Saturday, January 7, 2012

Roya's trip to the Witch Doctor

Our old house-dog, Roya, will be 12 this summer.  She is a Dutch Shepherd, mother of our "B" and "C" litters, and Queen Ruler of the house. For the record, and though she may deny it, she has also been responsible for eating multiple packages of HeartGuard Plus for 51-100 lb dogs like candy and should be pretty well to those worms for life.  Recently she has been experiencing some anxiety.  During the summer, it appeared connected to thunderstorms or barometric pressure.  My vet prescribed two different medications to try, to see if one or the other made a difference; they didn't.  The behavior seemed to subside, however. Until now.  We would wake to find her standing over us on the bed, panting.  She seemed restless and unwilling to lay down.  It usually occurred around 3 a.m. We would take her outside, and she might urinate a little but it was without urgency.  Or we might be awakened to the crashing of items from the nightstand as she attempted to squeeze between the wall and the headboard. 

She has also had several accidents in the house if we do not wake up, but as distasteful as that is, the stools were firm and she is not incontinent.  She has a good appetite, and she still likes to play. 

Last year, Roya had two tumors removed.  In January, it was a spindle cell tumor from her footpad.  Spindle cell cancer is slow growing and from what I read, usually reoccurs in around four years.  A few months later, a lump appeared on her muzzle.  This one we removed in the office but did not send in for biopsy, because there is nothing I would have done differently for treatment.  Roya was such a good girl, too!  Dr. Jay injected the numbing agent (technical term!) and used the punch to remove it and she just stood there like a champ.

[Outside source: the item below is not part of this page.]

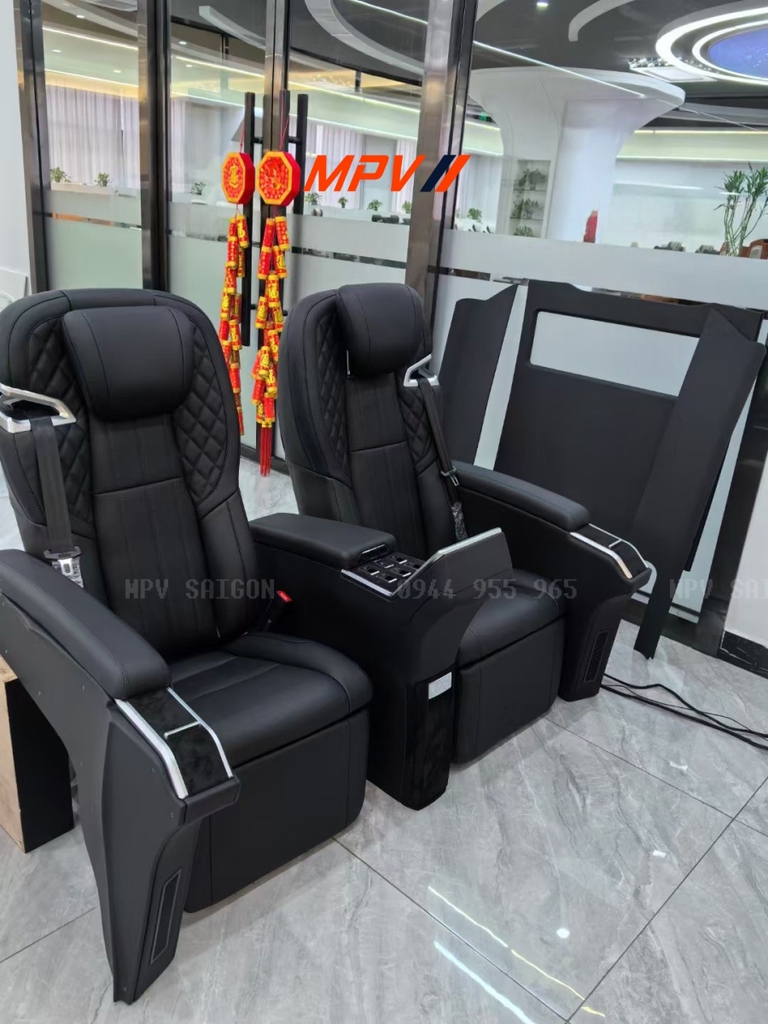 TOYOTA ALPHARD NÂNG CẤP BẢN 4 CHỖ LM CÓ VÁCH NGĂN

With this in mind, and recalling my journey with Jinx, cancer is always in the back of my mind.  I hate to think of it. Two years later, I can't even mention Jinx without tears. But something just didn't seem right with Roya, so I made an appointment with Dr. Strickfaden at Country Care Animal Complex for a bicom treatment.  I asked for an appointment with the Witch Doctor. Seriously.  I can't explain how bicom works, or why, but it does.  And it involves a wand that is similar to water divining.  The treatments work on electromagnetic fields and I believe they not only helped to diagnose Jinx but also to treat her.  I thought this would be a good first step, without invasive tecniques.  I spoke to Tom by phone as I was on my way and he phrased it perfectly.  He said, "Roya will like that because she likes it petting; and it's like internal petting."   She did like it.  She layed down on the floor and fell into such a sound sleep during the treatment that she twitched in dreams!  Dr. Strickfaden said that the bicom showed fear and pain, but didn't know what it was from.  I felt good when she said, however, that it did not see cancer.  Still, she wanted to run a blood test... and then Xrays.  Since we were there, I agreed.  The blood tests were actually good for an older dog.  The Xrays were something else.

The spleen is squished up on the left side of the screen.  It is enlarged, and not supposed to be there.  The stomach drops down in between the spleen and the liver on this film.  Dr. Strickfaden thought that there appeared to be a mass on the spleen and also the liver.

Needless to say, I asked "but the magic wand said it wasn't cancer?"  To this she was not so certain.  I think I had more faith in it than she does, at least at that moment.  She said that we could schedule an ultrasound at roughly $600.  If something was identified as out of place, we would still have to open her up.  I left to consider my options and will confer with my regular vet at Countryside Vet Clinic next week.  They do not offer the holistic options, but I have an excellent working relationship with them for all other treatments and use them as my primary vet.  I know that Dr. Jay Peters will answer all my questions without being insulted and will understand and accept my decisions.  As I understand it, anything on the spleen is bad.  A cancerous tumor leaves the dog with literally days to survive.  Even a benign tumor can rupture, causing the dog to bleed to death, as the spleen is so vascular.  If something is found on the tumor it is generally removed entirely for biopsy.  A benign nodule on the liver can be removed and life goes on for the dog.  So, we could open Roya up, spay her while we were in there, and cut what needs to be cut.  The ultimate question becomes what to do if a mass is found on the spleen?  Maybe Jay will just tell me that her enlarged spleen is nothing more than normal for an old dog and not to worry.  Yep, I'm going to go with that one.  The most important thing is not to lose this moment, for fear of the next.

For now, my sleeping beauty is stretched out on the living room rug, waiting for me to go to bed.  She gets a flower essence 4 times a day, to see if that helps with the anxiety.  Will I really even know? Possibly not, since it doesn't occur every day.  So the fact that she is not exhibiting problems does not mean that there is a problem tonight.   Sweet dreams.